> _Exercise description_
In the records below, begin at the line that has "Men Black Print" and stop after the line that has "Outdoor Weatherproof Electrical"; quote those lines verbatim and nothing more.

***** Supplied records *****

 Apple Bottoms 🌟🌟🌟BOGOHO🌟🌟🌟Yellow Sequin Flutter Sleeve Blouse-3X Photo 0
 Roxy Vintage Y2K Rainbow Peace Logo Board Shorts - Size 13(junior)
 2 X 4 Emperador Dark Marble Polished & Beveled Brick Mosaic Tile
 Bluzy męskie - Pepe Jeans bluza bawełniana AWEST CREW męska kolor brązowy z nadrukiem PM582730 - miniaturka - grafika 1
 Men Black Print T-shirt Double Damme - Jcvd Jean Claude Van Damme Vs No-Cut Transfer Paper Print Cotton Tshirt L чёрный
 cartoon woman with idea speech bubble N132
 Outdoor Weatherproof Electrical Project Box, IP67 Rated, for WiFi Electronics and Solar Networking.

*****
***** Supplied records *****

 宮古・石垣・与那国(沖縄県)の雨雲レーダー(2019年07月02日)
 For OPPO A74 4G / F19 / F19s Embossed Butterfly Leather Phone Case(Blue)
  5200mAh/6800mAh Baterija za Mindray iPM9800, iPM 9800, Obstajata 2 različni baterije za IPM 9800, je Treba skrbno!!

*****

> _Exercise output_
 Men Black Print T-shirt Double Damme - Jcvd Jean Claude Van Damme Vs No-Cut Transfer Paper Print Cotton Tshirt L чёрный
 cartoon woman with idea speech bubble N132
 Outdoor Weatherproof Electrical Project Box, IP67 Rated, for WiFi Electronics and Solar Networking.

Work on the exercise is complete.